With the material below, print exactly the lines between the line holding "Woman doing stretching" and the line holding "little girl child", inclusive. Add nothing else.
═════ RECORDED INFORMATION
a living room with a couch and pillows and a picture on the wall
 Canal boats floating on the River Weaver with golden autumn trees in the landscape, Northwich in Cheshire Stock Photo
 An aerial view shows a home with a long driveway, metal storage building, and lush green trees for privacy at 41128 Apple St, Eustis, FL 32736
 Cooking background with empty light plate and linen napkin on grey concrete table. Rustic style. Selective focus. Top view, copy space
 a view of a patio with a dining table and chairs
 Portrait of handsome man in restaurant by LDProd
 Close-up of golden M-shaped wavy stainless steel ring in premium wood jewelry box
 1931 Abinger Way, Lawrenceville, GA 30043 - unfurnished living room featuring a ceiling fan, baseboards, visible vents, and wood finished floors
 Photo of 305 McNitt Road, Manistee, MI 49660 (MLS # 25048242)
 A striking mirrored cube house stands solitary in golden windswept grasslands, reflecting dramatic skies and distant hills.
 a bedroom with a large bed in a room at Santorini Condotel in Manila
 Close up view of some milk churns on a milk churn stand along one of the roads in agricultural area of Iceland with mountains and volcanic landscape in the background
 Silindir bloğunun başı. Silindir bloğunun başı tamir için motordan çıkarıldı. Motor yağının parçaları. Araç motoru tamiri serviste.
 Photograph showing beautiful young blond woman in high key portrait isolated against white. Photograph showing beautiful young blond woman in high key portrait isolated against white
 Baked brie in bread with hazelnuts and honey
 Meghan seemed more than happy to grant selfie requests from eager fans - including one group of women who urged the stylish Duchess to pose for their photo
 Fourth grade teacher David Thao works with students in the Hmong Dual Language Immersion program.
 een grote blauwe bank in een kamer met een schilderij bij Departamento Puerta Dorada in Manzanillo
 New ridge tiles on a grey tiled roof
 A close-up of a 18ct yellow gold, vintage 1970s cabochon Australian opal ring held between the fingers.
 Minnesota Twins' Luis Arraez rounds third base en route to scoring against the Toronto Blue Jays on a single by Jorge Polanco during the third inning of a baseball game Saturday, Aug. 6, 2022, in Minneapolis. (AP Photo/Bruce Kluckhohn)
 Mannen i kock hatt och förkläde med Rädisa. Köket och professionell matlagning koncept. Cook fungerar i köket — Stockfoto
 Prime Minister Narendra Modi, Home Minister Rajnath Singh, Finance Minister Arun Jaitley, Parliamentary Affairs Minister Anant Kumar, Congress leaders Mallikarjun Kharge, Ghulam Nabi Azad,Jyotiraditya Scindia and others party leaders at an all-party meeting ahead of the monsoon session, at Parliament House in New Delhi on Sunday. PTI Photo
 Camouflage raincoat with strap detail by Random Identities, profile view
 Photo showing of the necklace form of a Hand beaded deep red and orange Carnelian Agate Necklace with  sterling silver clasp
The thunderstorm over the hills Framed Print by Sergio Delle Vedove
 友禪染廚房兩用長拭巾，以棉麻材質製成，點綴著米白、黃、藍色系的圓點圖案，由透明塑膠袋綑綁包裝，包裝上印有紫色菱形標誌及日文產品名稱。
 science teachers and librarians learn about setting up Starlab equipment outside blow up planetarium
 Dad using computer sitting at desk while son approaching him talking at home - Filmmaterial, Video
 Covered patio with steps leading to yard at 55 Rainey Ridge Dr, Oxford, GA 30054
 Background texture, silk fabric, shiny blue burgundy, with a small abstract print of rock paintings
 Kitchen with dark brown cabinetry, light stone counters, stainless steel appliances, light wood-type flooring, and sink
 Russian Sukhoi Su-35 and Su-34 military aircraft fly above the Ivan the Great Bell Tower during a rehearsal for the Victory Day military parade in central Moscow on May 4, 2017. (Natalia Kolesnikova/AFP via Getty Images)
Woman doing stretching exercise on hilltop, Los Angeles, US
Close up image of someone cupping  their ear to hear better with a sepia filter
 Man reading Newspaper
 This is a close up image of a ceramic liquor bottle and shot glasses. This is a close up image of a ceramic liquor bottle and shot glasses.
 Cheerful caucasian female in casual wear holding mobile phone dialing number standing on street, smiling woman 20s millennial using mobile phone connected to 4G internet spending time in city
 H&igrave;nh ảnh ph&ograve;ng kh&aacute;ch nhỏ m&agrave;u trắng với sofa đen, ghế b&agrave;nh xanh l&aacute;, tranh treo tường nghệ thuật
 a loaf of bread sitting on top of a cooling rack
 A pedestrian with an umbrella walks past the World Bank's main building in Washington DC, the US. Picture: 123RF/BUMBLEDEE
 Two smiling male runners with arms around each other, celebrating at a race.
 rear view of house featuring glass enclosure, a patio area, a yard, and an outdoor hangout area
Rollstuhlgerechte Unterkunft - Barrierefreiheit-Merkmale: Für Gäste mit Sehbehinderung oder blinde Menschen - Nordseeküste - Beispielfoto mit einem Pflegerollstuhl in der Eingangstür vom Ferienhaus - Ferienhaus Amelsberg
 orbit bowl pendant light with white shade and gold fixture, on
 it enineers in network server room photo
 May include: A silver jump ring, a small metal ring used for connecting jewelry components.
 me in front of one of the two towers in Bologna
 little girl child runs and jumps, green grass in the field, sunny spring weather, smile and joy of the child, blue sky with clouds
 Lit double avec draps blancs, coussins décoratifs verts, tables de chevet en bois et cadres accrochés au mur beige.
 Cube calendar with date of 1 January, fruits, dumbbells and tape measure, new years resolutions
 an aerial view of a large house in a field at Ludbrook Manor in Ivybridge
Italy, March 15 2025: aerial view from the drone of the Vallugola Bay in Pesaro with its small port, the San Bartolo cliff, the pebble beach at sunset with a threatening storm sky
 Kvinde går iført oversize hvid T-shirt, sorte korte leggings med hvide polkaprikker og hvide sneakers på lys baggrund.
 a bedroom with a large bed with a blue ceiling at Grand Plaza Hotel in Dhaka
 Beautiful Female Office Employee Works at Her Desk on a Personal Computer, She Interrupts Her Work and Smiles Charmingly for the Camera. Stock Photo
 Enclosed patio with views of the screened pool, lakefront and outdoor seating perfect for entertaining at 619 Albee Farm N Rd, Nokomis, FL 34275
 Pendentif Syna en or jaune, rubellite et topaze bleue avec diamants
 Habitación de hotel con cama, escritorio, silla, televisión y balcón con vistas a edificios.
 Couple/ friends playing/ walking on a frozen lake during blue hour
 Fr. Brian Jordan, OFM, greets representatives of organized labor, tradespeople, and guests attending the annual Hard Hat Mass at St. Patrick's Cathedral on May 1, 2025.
══════════
* EXERCISE RESULT *
Woman doing stretching exercise on hilltop, Los Angeles, US
Close up image of someone cupping  their ear to hear better with a sepia filter
 Man reading Newspaper
 This is a close up image of a ceramic liquor bottle and shot glasses. This is a close up image of a ceramic liquor bottle and shot glasses.
 Cheerful caucasian female in casual wear holding mobile phone dialing number standing on street, smiling woman 20s millennial using mobile phone connected to 4G internet spending time in city
 H&igrave;nh ảnh ph&ograve;ng kh&aacute;ch nhỏ m&agrave;u trắng với sofa đen, ghế b&agrave;nh xanh l&aacute;, tranh treo tường nghệ thuật
 a loaf of bread sitting on top of a cooling rack
 A pedestrian with an umbrella walks past the World Bank's main building in Washington DC, the US. Picture: 123RF/BUMBLEDEE
 Two smiling male runners with arms around each other, celebrating at a race.
 rear view of house featuring glass enclosure, a patio area, a yard, and an outdoor hangout area
Rollstuhlgerechte Unterkunft - Barrierefreiheit-Merkmale: Für Gäste mit Sehbehinderung oder blinde Menschen - Nordseeküste - Beispielfoto mit einem Pflegerollstuhl in der Eingangstür vom Ferienhaus - Ferienhaus Amelsberg
 orbit bowl pendant light with white shade and gold fixture, on
 it enineers in network server room photo
 May include: A silver jump ring, a small metal ring used for connecting jewelry components.
 me in front of one of the two towers in Bologna
 little girl child runs and jumps, green grass in the field, sunny spring weather, smile and joy of the child, blue sky with clouds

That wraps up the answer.